10

Sulla porta dell’appartamento aveva trovato ad aspettarlo la signora Arosio in camicia da notte di raso viola.

Era una pezzo di femmina, sui quaranta, con una permanente color leone, due enormi tette parzialmente nascoste dalla camicia da notte, i fianchi stretti e un culo che sembrava una portaerei. Aveva una faccia tonda come un Super Tele, un nasino piccolo, troppo perfetto per essere quello che le aveva dato sua madre, gli occhi pitturati con l’ombretto celeste e le labbra gonfie e luccicanti da cui facevano capolino gli incisivi leggermente separati.

Rino l’aveva vista passeggiare per il corso, in estate e in inverno, con delle scollature esagerate sulle fettone abbrustolite dalle lampade uva, ma non sapeva che quel puttanone fosse la moglie di Arosio.

Mentre lui si dava da fare con viti e bulloni, la donna si era seduta in modo che tutto il ben di Dio che aveva davanti fosse in bella mostra e continuava a dire che i muscoli fatti sul lavoro sono molto più belli di quelli pompati in palestra. E poi che cos’erano tutti quei tatuaggi? Cosa significavano? Anche lei ne voleva uno, uno scoiattolo…

A Rino gli era venuto duro e faticava a seguire le istruzioni sotto quello sguardo affamato.

Dopo la scrivaniola, la lavagnetta e l’armadio aveva montato il letto a castello.

«Lo ha stretto bene? Non vorrei che si aprisse… Sa, mio figlio Aldo è leggermente obeso. Mi faccia un favore, ci salga sopra. Lo provi.»

Rino era salito e aveva iniziato a saltarci. «Mi sembra che vada bene.»

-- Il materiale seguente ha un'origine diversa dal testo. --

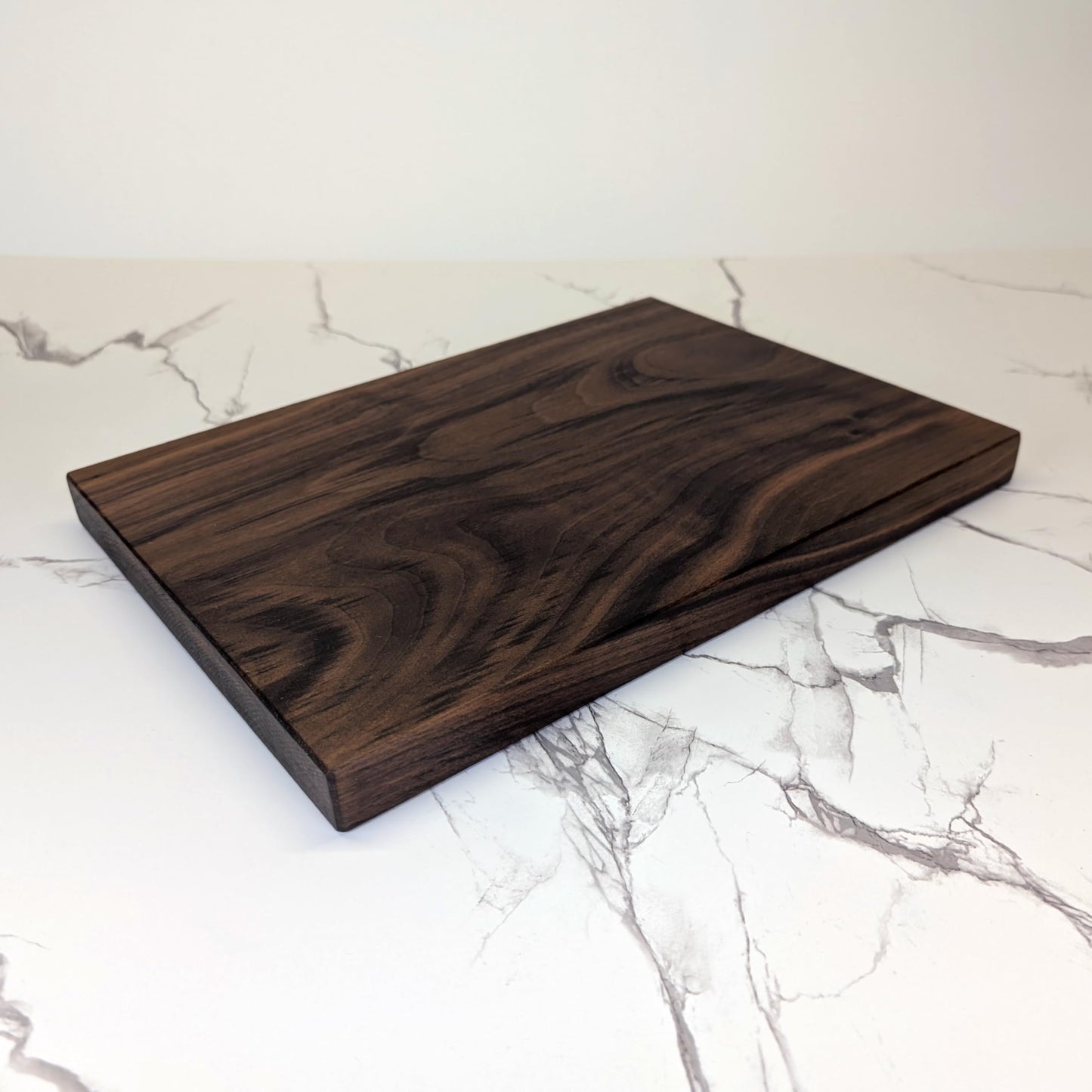 No Glue, One Piece Walnut Wood - Thick Solid Black Walnut Cutting Board, Wholly Handmade in USA, Small, 10" x 7.5" x 0.8" (1.6 Lb)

La donna aveva scosso la testa. «Lei però è troppo leggero. Per essere sicura al cento per cento ci monto anch’io. Così siamo in una botte di ferro.»

Mezzora dopo il letto aveva ceduto di schianto e la signora Arosio precipitando si era rotta un polso e aveva fatto causa al mobilificio.

Rino aveva giurato a Castardin di non essersela scopata.

E in effetti, tecnicamente, aveva ragione. Non c’era ancora stata penetrazione quando il letto si era sfondato.

Lei stava carponi, con la faccia affondata nel cuscino, la sottana sollevata, e Rino l’afferrava per i capelli come gli indiani tengono i loro destrieri e le stampava delle gran manate rosse sulle chiappe proprio come sui cavalli apache.

In quel momento il letto aveva ceduto.

Rino Zena aveva perso il posto.

E aveva giurato di fargliela pagare, al vecchio Castardin.

8.

Cristiano Zena si stese e mirò alla testa. Prese un bel respiro e sparò. L’animale fece un sussulto leggero, un breve guaito e rimase immobile.

Sollevò il pugno. «Al primo colpo!»

Con un salto scese dalla pila di assi e, dopo aver guardato che non passassero macchine, si avvicinò lentamente tenendo la pistola puntata sulla bestia.

La bocca aperta. La bava. La lingua che pendeva da una parte come una lumaca bluastra. Gli occhi rivoltati e sul collo un buco rosso tra i peli neri e la neve che volteggiava pigra in aria e seppelliva il morto.

Un bastardo del cazzo in meno nel mondo.